Purvis Young

UNTITLED (WARRIORS)

1991
paint on corkboard in poster case
36 x 24 inches

The war was going on then, war in Vietnam. That’s when all the demonstrations were going on, protests, protesters sitting in, marching. That’s when I started the figure painting, people walking along, knocking each other down, like that. My feeling was the world might be better if I put up my protests. I figured the world might get better, it might not, but it was just something I had to be doing. I make like I’m a warrior, like God sending an angel to stop war.
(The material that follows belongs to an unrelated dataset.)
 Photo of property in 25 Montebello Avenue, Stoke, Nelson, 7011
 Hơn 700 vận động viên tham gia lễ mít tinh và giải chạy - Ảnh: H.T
I think, like, I’m one of the figures in my art. – Purvis Young

Self-taught, Miami-born painter Purvis Young spent his lifetime refining his expressive style of painting that covered surfaces of discarded objects. Environmentally conscious and socially aware, Young’s murals, paintings, and collages are a diverse lexicon that was continuously produced at a breakneck pace. Images of elongated figures with haloes about their heads, energetic crowds of people among towering buildings, and expressionistically wavy marks of paint on the surfaces of found objects are only a few of the themes he was attracted to. Untitled (Warriors) depicts another theme Young painted – the warrior – in its group of figures moving in unison. There is an undeniable and unified charge in the piece, a palpable energy that moves throughout Young’s greater body of work. Young is included in the collections of the Whitney Museum, New York; the Studio Museum in Harlem, New York; the American Folk Art Museum, New York; the New Orleans Museum of Art; the National Museum of African American History and Culture, Washington DC; and the High Museum of Art, Atlanta, among others.